James surpreende em todos os alicerces que usou para conceber sua trilogia. Além dos épicos e mitos africanos e de sagas gregas e nórdicas, o autor retomou obras que marcaram sua juventude na Jamaica: as histórias em quadrinhos, como as séries dos X-Men, Novos mutantes, Hellboy e Patrulha do destino. James queria trazer as ruas para as disputas de poder entre herdeiros do trono e rumores de guerra, então entendeu que os épicos sobre grandes heróis seriam insuficientes para lhe ajudar a criar o cenário para um homem a serviço de pessoas importantes. Os dramas políticos são relevantes para a trama, mas Tracker é o cara comum que se envolve – relutantemente, é bem verdade – nas maquinações dos poderosos. A relação de James com a cultura pop lhe rendeu muita inspiração para as dinâmicas de grupo desbaratado e cheio de desajustados, em uma crítica aberta à ideia de que personagens se uniriam sob um grandioso propósito coletivo até o fim, quando uma luta épica entre as forças do Bem e do Mal terminaria por recompensar os justos e punir os mal-intencionados – uma das tradições narrativas ocidentais mais comuns, sobretudo nesse gênero. Ninguém promete se sacrificar por ninguém: em Black leopard, red wolf, é cada um por seus interesses, inimigos podem facilmente se tornar parceiros no crime, escrúpulos são raros, e infeliz do que se deixar atacar pelo caminho.

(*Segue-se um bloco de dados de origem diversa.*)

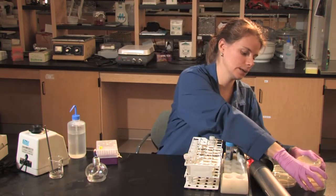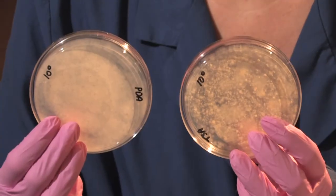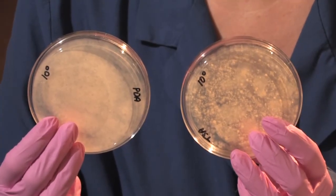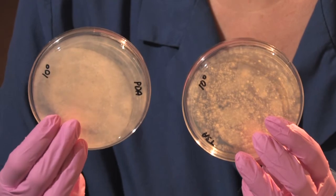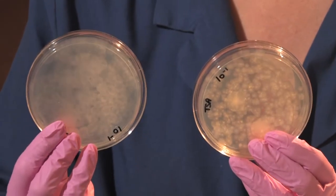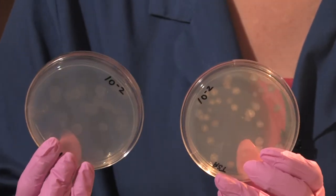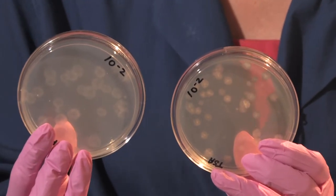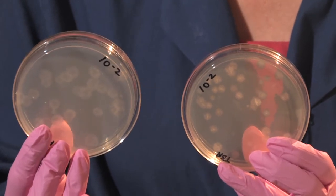I've prepared a few plates in advance. Here's my 10 to the zero dilution, and as you can see, it's a lawn of bacteria or fungal growth on the plate — it's very difficult to distinguish between the colonies. The 10 to the minus 1 is the same situation where the plate is covered with bacteria and fungi. Then I have my 10 to the minus 2, and now I can start to distinguish between the colonies and count. I'm looking for about 30 to 300 colonies so that I can get a good plate count.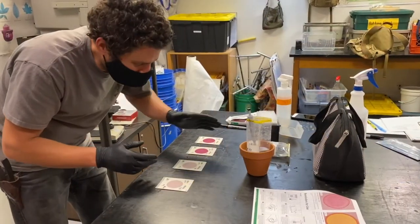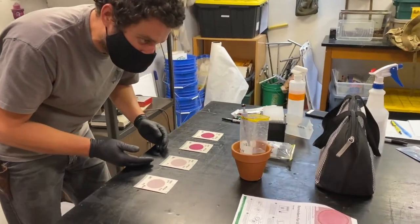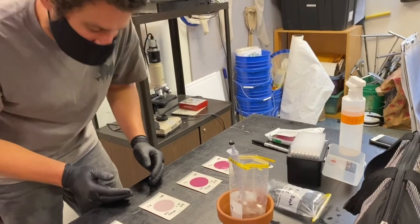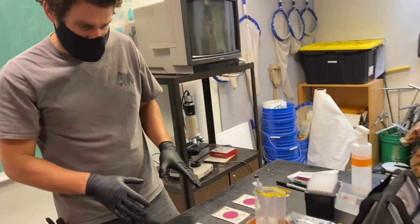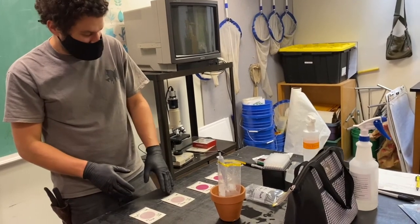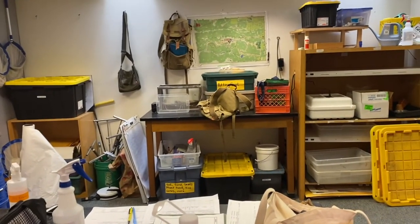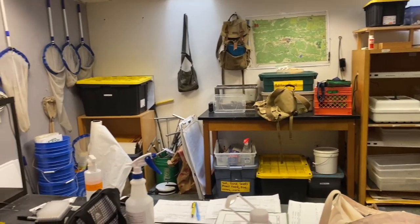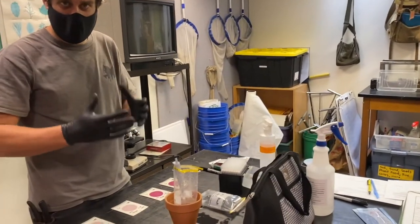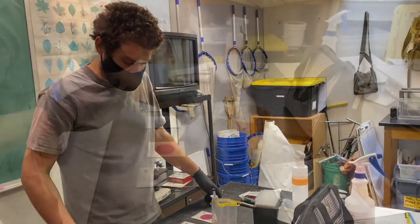Now we are taking the samples from the river and putting them on the film. The film will measure E. coli coliform bacteria colonies. We're putting 1,000 milliliters onto the form and then putting it in the incubator to incubate at 95 degrees Fahrenheit for 24 hours. Tomorrow we'll come back and be able to see which E. coli coliform colonies have grown and get a sense of the amount present in the water.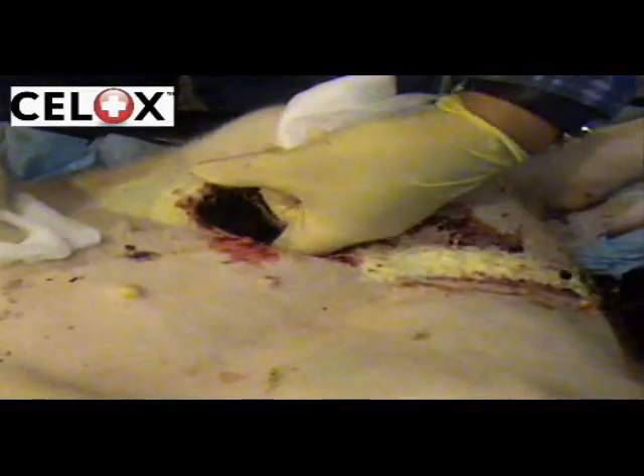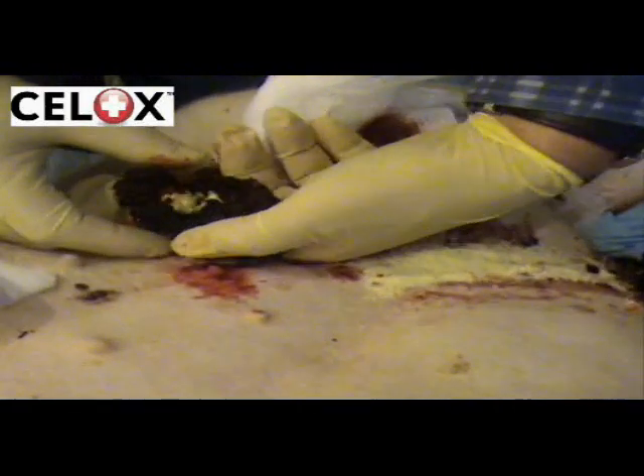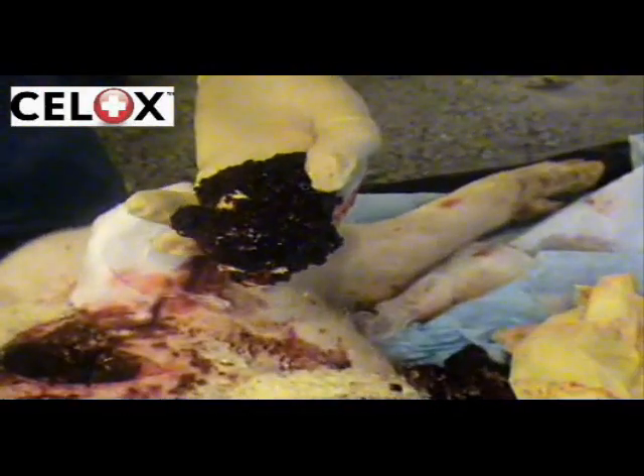The removal of the clot is simple and the blood cells that have locked together are easy to clean up. This allows for a more permanent surgical repair to be carried out when appropriate.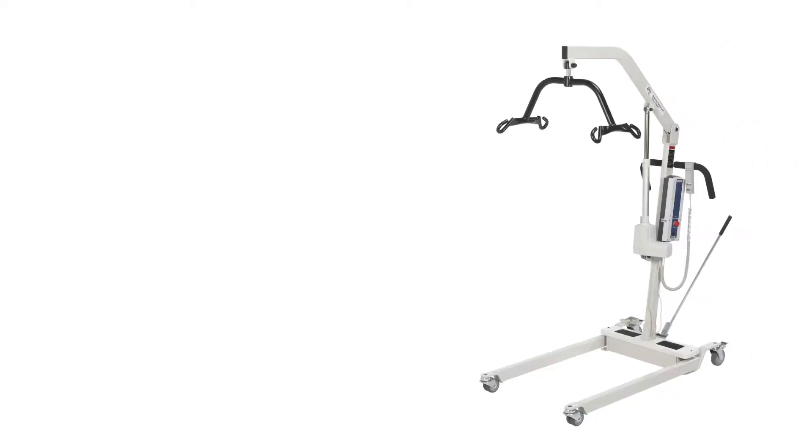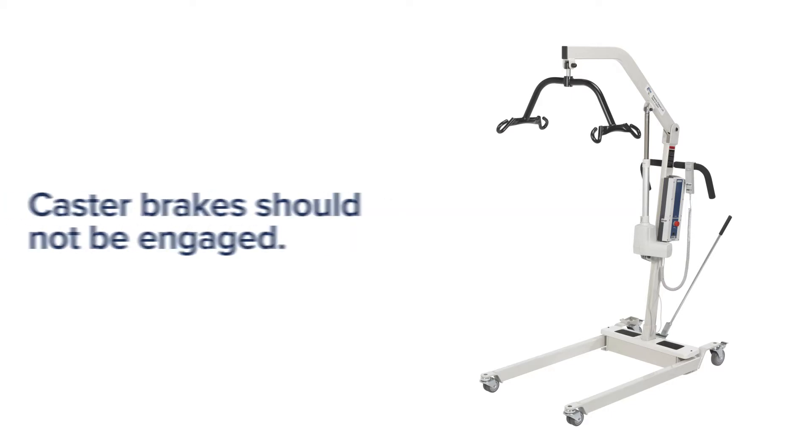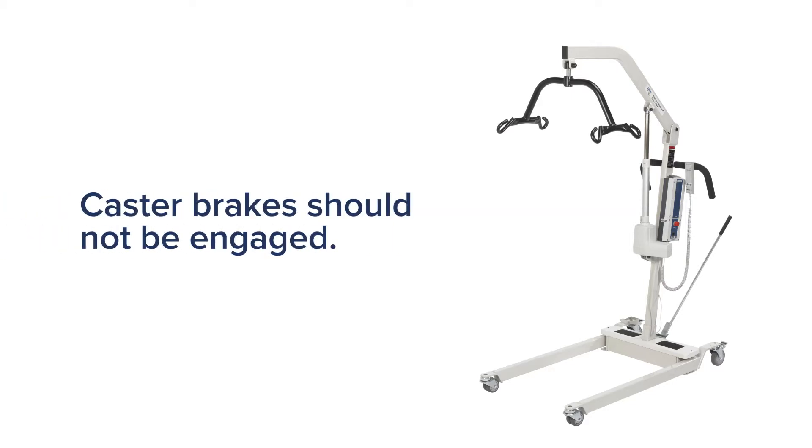Let's review some safety tips for operating the lift. The lift is used to transfer patients from bed to wheelchair or commode — please do not use it to transport patients. Always remember when lifting a patient, the base legs must be in the most widely open position and the caster brakes are not engaged. This will prevent tipping.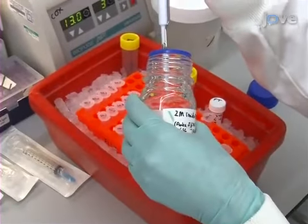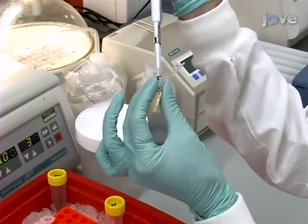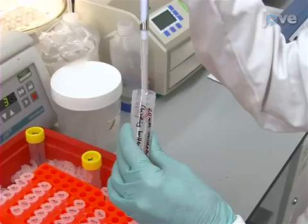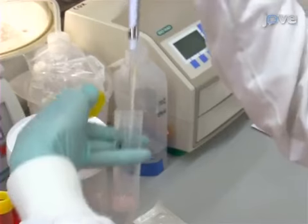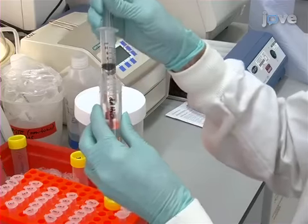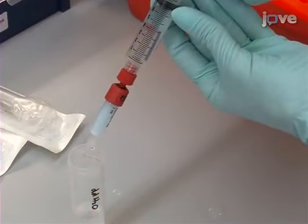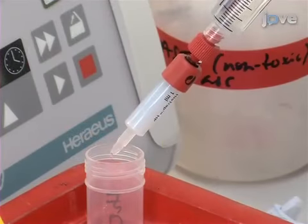First, adjust the bacterial lysate to 20-millimolar imidazole using an appropriate volume of 2-molar imidazole stock solution. Then adjust the volume to at least 1 milliliter using 20-millimolar imidazole. Wash a 1-milliliter HisTrap column with 10 milliliters of MilliQ water. Then equilibrate the column with 10 milliliters of 20-millimolar imidazole.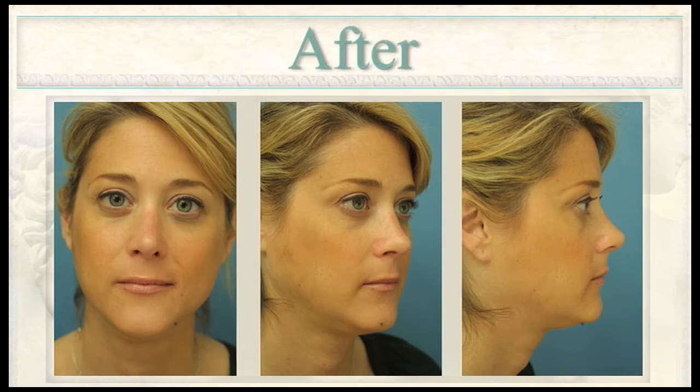Very often, after an open conversation about what's required with the revision rhinoplasty, many patients decide to proceed and others decide that they just don't want to go through the process, because it is a long surgery and a long recovery. Surgical times for revision rhinoplasty average around three or four hours, and the recovery will definitely be 10 to 14 days before you're feeling comfortable to go out again.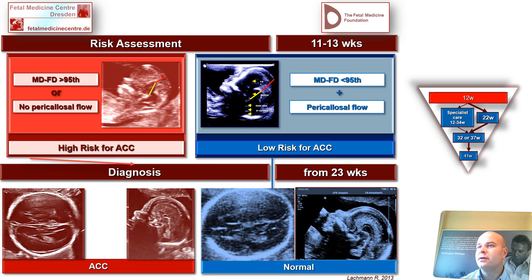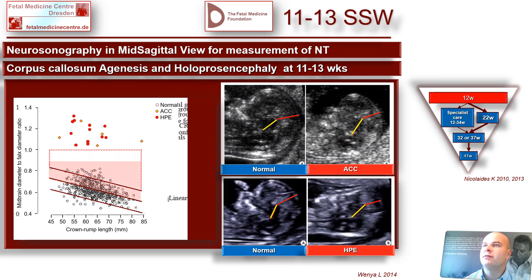On the lower left you see the teardrop sign and the profile where you can't visualize the corpus callosum. On the lower right, the completely normal fetus. Be careful: the Chinese paper from the group of Wenyu has shown this method also works in fetuses with holoprosencephaly — the same results. You don't have an abnormal diagnosis; you have a high-risk population, or you can reassure patients.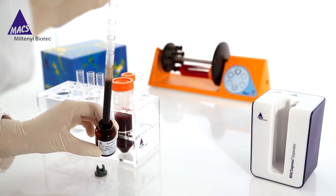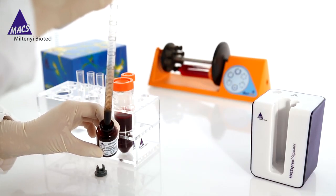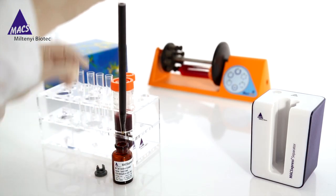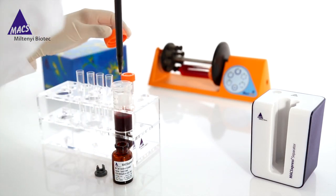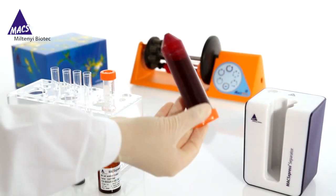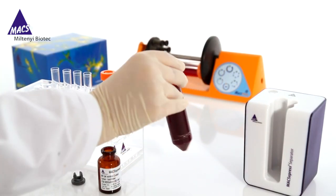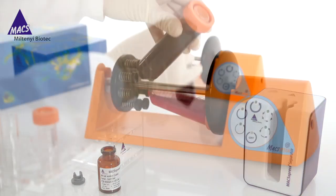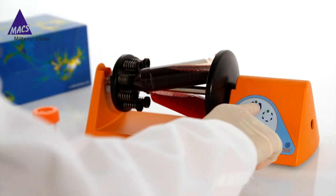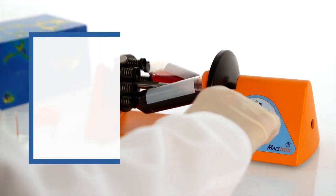Simply add the reconstituted MaxExpress cell isolation cocktail to anticoagulated whole blood. You can conveniently process up to 30 milliliters of whole blood in one go. Mix and incubate for five minutes in a MaxMix tube rotator. During this time the unwanted cells are labeled with MaxExpress beads. The target cells remain unlabeled.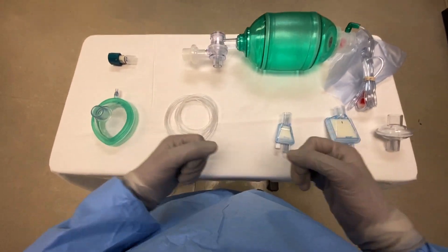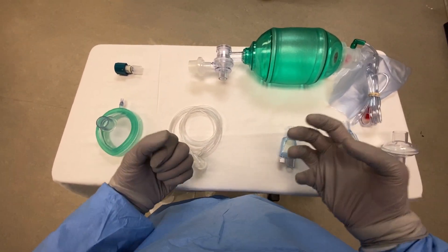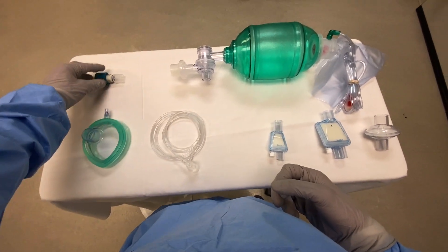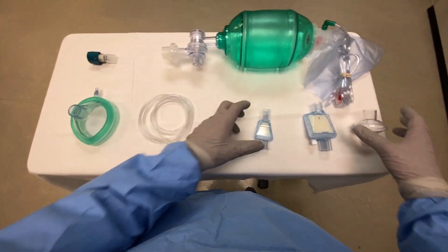We're building a bag valve mask setup intended to decrease the amount of virus in the air. What we need for this is our mask, we need our end tidal CO2 sampler, we need a peep valve, our bag, and we need a viral filter.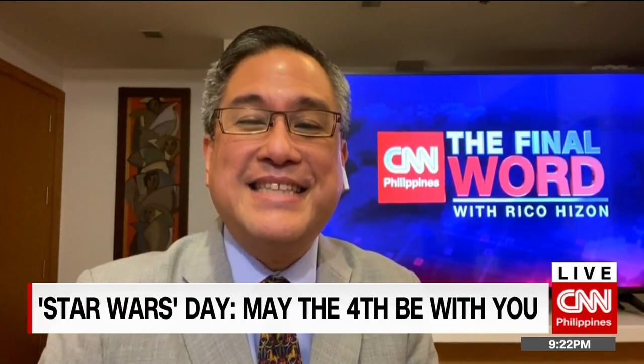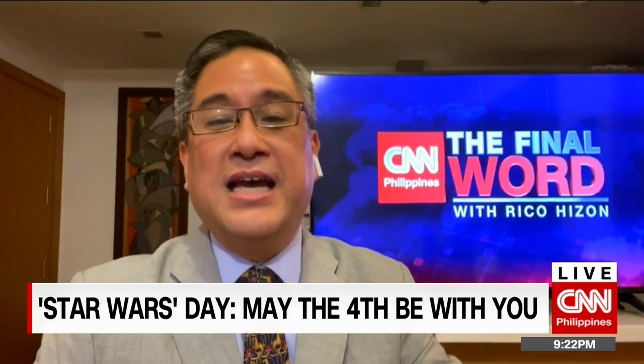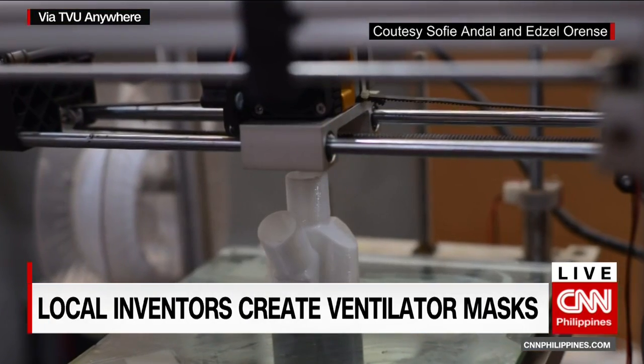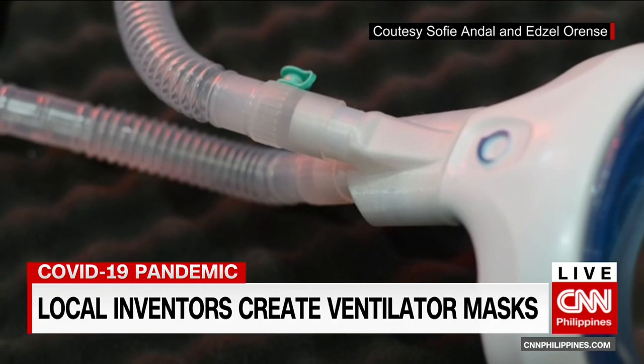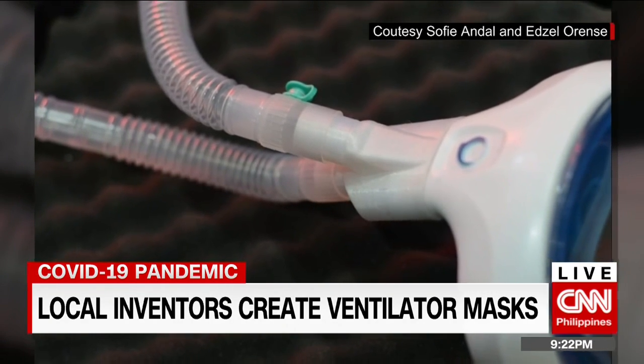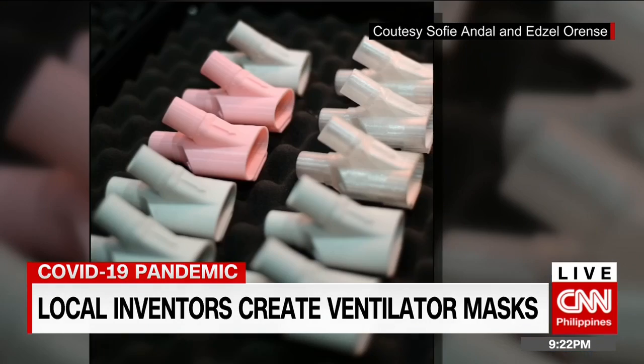Essential equipment in the fight against this deadly virus are ventilators. But with more cases adding up, demand for the machines is also rising. Now a pair of Filipino inventors got some inspiration from Italy, where makeshift ventilator masks were first made. We find out more from Arnel Andal and Edsel Orense, creators of the AOT VentiMask.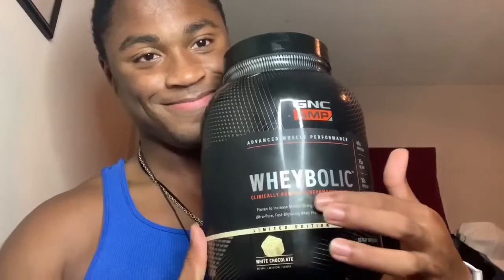Before I start — not sponsored, not sponsored — but this is what I use: my protein, the GNC AMP, clinically proven performance protein. That's what I use. You can get more info on their website if you want to order it. This white chocolate specific one is what I meant — that's my pick.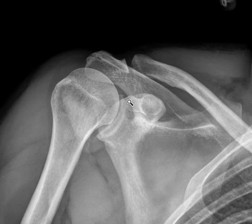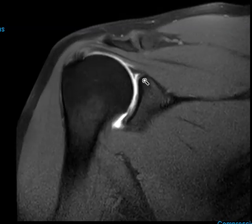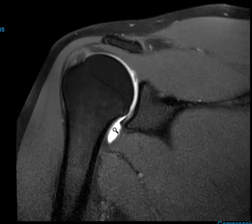Usually the contrast flows in very easily and patients experience no pain at all when we inject. This is the contrast down here, and then we send them on to the MRI scan. On the MRI scan we'll see the contrast show up as white on a T1-weighted view — white contrast in the joint.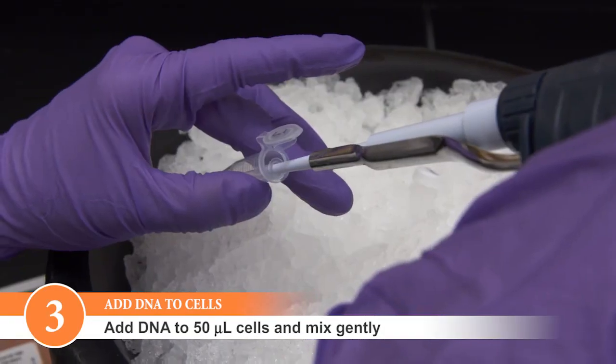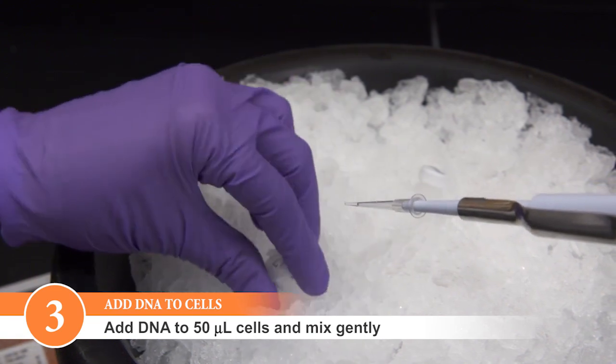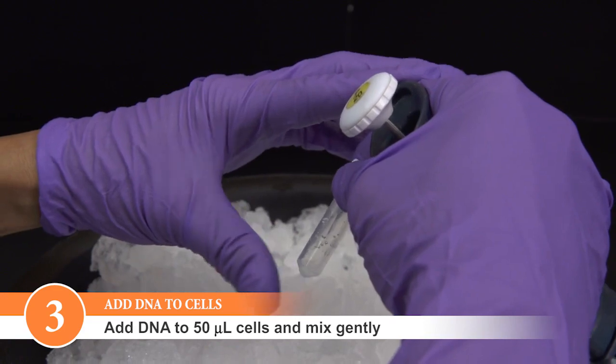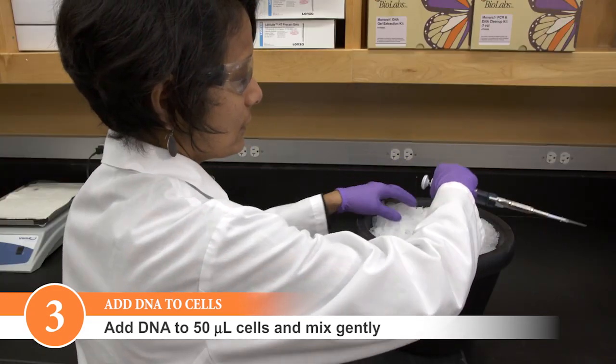Add DNA to 50 microliters of competent cells. Mix gently by pipetting up and down or flicking the tube 4-5 times to mix the cells and DNA. Do not vortex.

A jornada é a verdadeira história, a forma como cada personagem – em especial Tracker, nesse primeiro volume – modifica sua visão de mundo e se adequa para melhor responder às circunstâncias que regem o jogo. Se a missão fracassa, o processo é que conta. E James revela, enquanto isso, a humanidade profunda – e, em sua crueza, desconfortável e incômoda – dos personagens. Por mais mágicos e fantásticos que sejam.